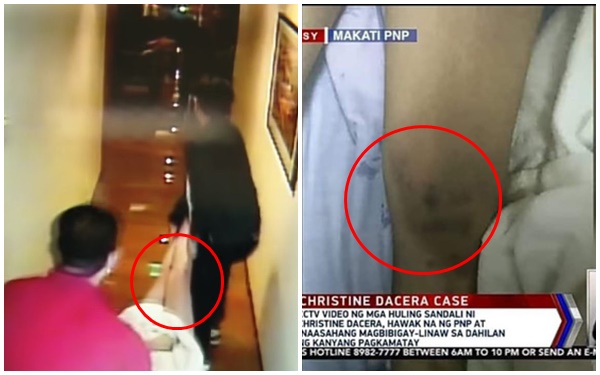 Truyền thông công bố hình ảnh Á hậu Philippines được đưa đi cấp cứu sau khi bất tỉnh, chân nạn nhân không có vết bầm như tư liệu từ cảnh sát-4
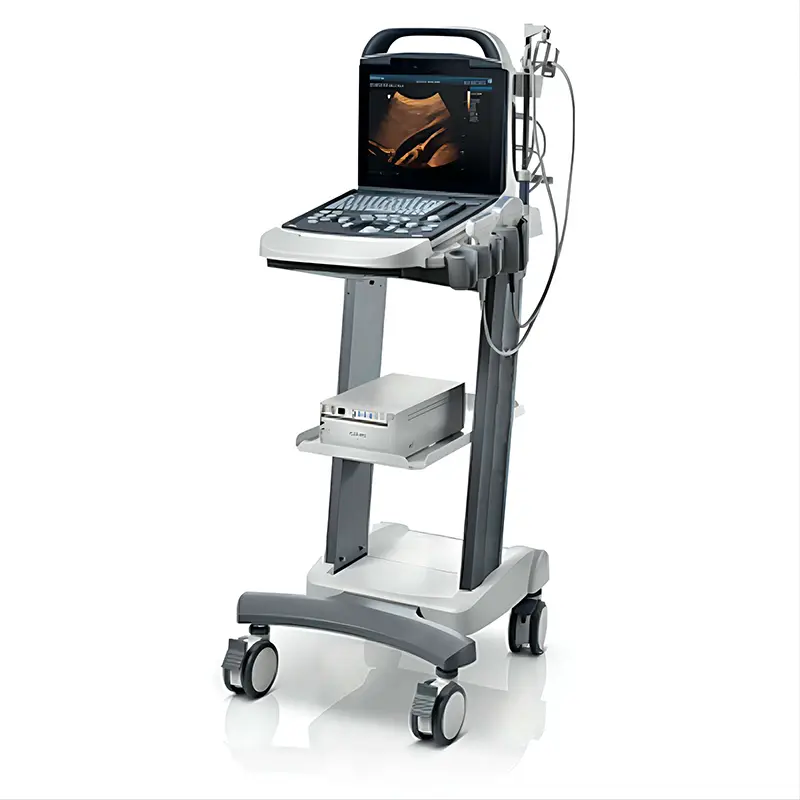 PD30 Portable 3D/4D Color Doppler Ultrasound Machine Hospital Pregnancy Scanner Original Preferential Price — image 4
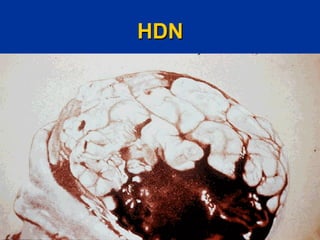 HDN
 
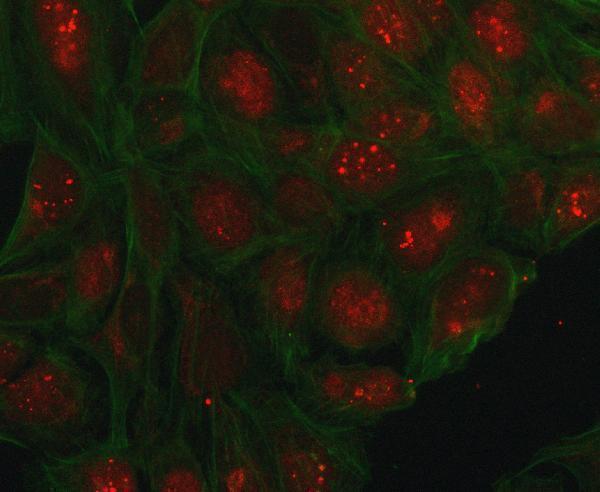  IF analysis of PHC1 using anti-PHC1 antibody (A06437-3)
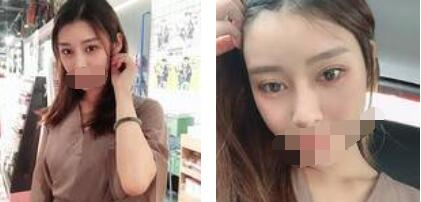 太原歐美蓮整形醫(yī)院丁曉峰醫(yī)生做雙眼皮怎么樣？丁曉峰雙眼皮手術(shù)案例分享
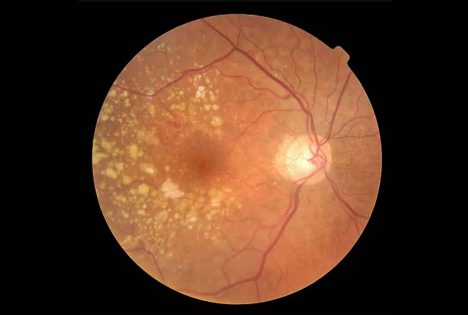 Macular Degeneration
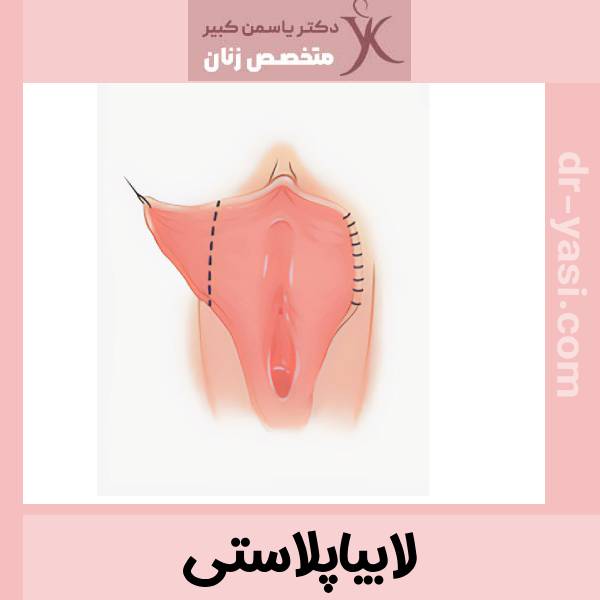 عکس عمل لابیاپلاستی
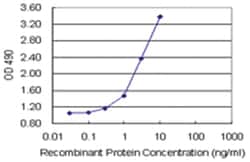 anti-PSMD9 Matched Antibody Pair, Abnova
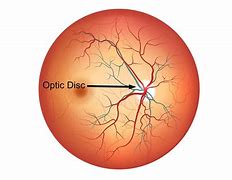 Image result for Eye Anatomy Optic Disc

============================================================

Omit the pictures and return exactly the lines from the line containing "PD30 Portable 3D/4D" through the final line of the material above, both ends included.

Solution to this exercise:
 PD30 Portable 3D/4D Color Doppler Ultrasound Machine Hospital Pregnancy Scanner Original Preferential Price — image 4
 HDN
 
  IF analysis of PHC1 using anti-PHC1 antibody (A06437-3)
 太原歐美蓮整形醫(yī)院丁曉峰醫(yī)生做雙眼皮怎么樣？丁曉峰雙眼皮手術(shù)案例分享
 Macular Degeneration
 عکس عمل لابیاپلاستی
 anti-PSMD9 Matched Antibody Pair, Abnova
 Image result for Eye Anatomy Optic Disc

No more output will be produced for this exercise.